My DD's great grandmother (95) goes for walks, and also gets on that exercise thingy where you sit on the seat and pull the handles toward you while pushing out and forward on the foot pedals a couple times a week. She is so cool!
My grandfather-in-law is 85 and walks at least a mile every day, even though he has extremely severe back pain. He and his wife also have a stationery bike they have used regularly (although I think he had to give up the bicycle recently because of the back pain).
My father-in-law has MS, severe PAD, has been wheelchair bound for about 10 years now, and had to have a leg amputated last year. He still lifts weights and until right before his amputation, was swimming weekly at a warm water pool.
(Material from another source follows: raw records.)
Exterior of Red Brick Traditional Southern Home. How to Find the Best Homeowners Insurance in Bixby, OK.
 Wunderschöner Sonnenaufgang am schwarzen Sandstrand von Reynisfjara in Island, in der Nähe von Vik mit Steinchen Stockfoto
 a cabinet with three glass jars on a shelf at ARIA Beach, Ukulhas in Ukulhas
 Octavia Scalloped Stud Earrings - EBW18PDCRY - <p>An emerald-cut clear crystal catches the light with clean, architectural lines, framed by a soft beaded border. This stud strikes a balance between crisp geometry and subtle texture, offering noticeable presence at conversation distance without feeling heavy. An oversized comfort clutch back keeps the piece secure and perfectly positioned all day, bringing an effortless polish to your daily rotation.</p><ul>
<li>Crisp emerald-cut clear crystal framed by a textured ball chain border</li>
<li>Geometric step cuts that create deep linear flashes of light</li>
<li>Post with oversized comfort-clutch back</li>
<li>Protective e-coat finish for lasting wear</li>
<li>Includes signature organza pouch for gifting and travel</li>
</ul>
He can't get some of his medical equipment wet any more so he can't get in the water anymore, but he does what he can.
I'm not as dedicated as either one of them yet, but they're my role models. My father-in-law told me about the warm water pool, and I LOVE it. I love the water, and would swim three times a day, if I could. When I herniated a disc in my back about ten years ago, that's exactly what I did. The buoyancy of the water was the only thing that relieved the pain enough to allow me to go back to work, so I swam before work, on my lunch hour (luckily I had a flexible work schedule), and after work.
My dream is to have an endless pool (the water "treadmill" type narrow pool that allows you to swim in place) someday. However, since they run about $18,000, I'm not sure that's likely.
When I consider the athletes who complete marathons and other amazing endeavors lacking legs, arms, or who have other challenges, I know that (for me) aging will be no excuse. If an 80 year old can run a marathon, I can run three miles. If my joints crap out, then I will need to change what I do, but there are always always options.
Injuries and aging simply mean you need to adapt your exercising, not stop.
I thought of you when I posted this thread. Somehow I picture the lid to your coffin bumping up and down because your spirit will be in there pumping iron.